Proprio il contrasto tra la determinazione, l’ambizione e il sogno di mobilità di Eileen e il dolce immobilismo di Ed rappresenta la grande invenzione narrativa che rende affascinante la lettura di Non siamo più noi stessi. Thomas capovolge in modo deliberato, a tratti fin troppo programmatico, la tradizionale dicotomia tra l’espansionismo maschile e il familismo femminile sulla quale, come insegna il Leslie Fiedler di Amore e morte nel romanzo americano, è stato edificato l’intero immaginario di una nazione. E rende tale capovolgimento ancor più emblematico nel momento in cui l’Alzheimer, l’oblio fatto sistema, colpisce, nella coppia, proprio chi – in questo caso, l’uomo – delle tradizioni e dell’esercizio quotidiano della memoria ha fatto il proprio programma di vita (al punto da rinunciare a diverse possibilità di ascesa sociale, e da rifiutare in modo quasi aprioristico l’idea di cambiare casa o quartiere). Con l’effetto che la custodia del passato, delle tradizioni, delle abitudini, torna nelle mani del personaggio femminile, costringendo Eileen a rivedere molte priorità e ambizioni e a imparare un altro modo di stare al mondo. Un percorso, fatto di accettazione e sofferenza, che le consentirà di trovare un’altra se stessa: né migliore né peggiore rispetto a quella che ha accompagnato il lettore nella prima parte del romanzo, ma semplicemente diversa.
Nel seguire questo processo di dolorosa accettazione e rinascita, la scrittura di Thomas si impenna e raggiunge vertici di autenticità e potenza davvero rari.
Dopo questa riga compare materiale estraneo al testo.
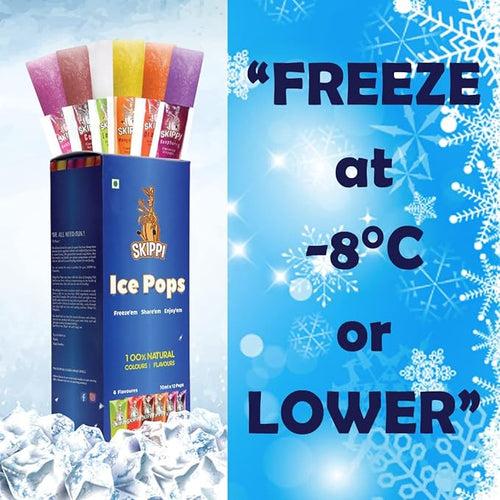 Magic Pin Exclusive All Flavor Box of Skippi Natural Ice Pops, Pack of 12 Ice Pops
Le pagine sull’Alzheimer e sull’impressionante portato simbolico di questa che è, forse, la vera malattia della contemporaneità, non conoscono eguali nel romanzo contemporaneo per acume, penetrazione psicologica e deliberato rifiuto di ogni pietismo o deriva sentimentale. La malattia di Ed tira fuori il peggio tanto in Eileen quanto, e ancor più, in Connell, che non ha gli strumenti né la maturità per accettarla, e che, vedendo il padre «davanti alla macchina del caffè, con le gambe arcuate», lo descrive così a se stesso, con un misto di affetto e rabbia: «Sembrava un bambino con il pannolone pieno, e al tempo stesso un pistolero che aveva attraversato il deserto ed era stato colpito da un fulmine». Dimenticando di avere di fronte a sé quello stesso padre che, quando, insieme a Eileen aveva deciso di comunicargli l’insorgere della malattia, aveva risposto così alla domanda di Connell, «Arriverà un momento in cui non saprai più chi sono?»: «Io saprò sempre chi sei. Te lo prometto. Anche se penserai che io non ti conosca, anche se ti darò quest’impressione. Saprò sempre chi sei. Sei mio figlio. Non dimenticarlo mai».
È proprio nel rifiuto di fare sconti ai suoi personaggi, e nel raccontarne slanci e meschinità, sofferenza e riscatto, che Thomas raggiunge le vette massime della sua scrittura, e partorisce un romanzo che, proprio per il suo non voler essere «soltanto» l’ennesima saga famigliare, lo impone come una voce nuova e importante, con la quale fare i conti oggi e in futuro.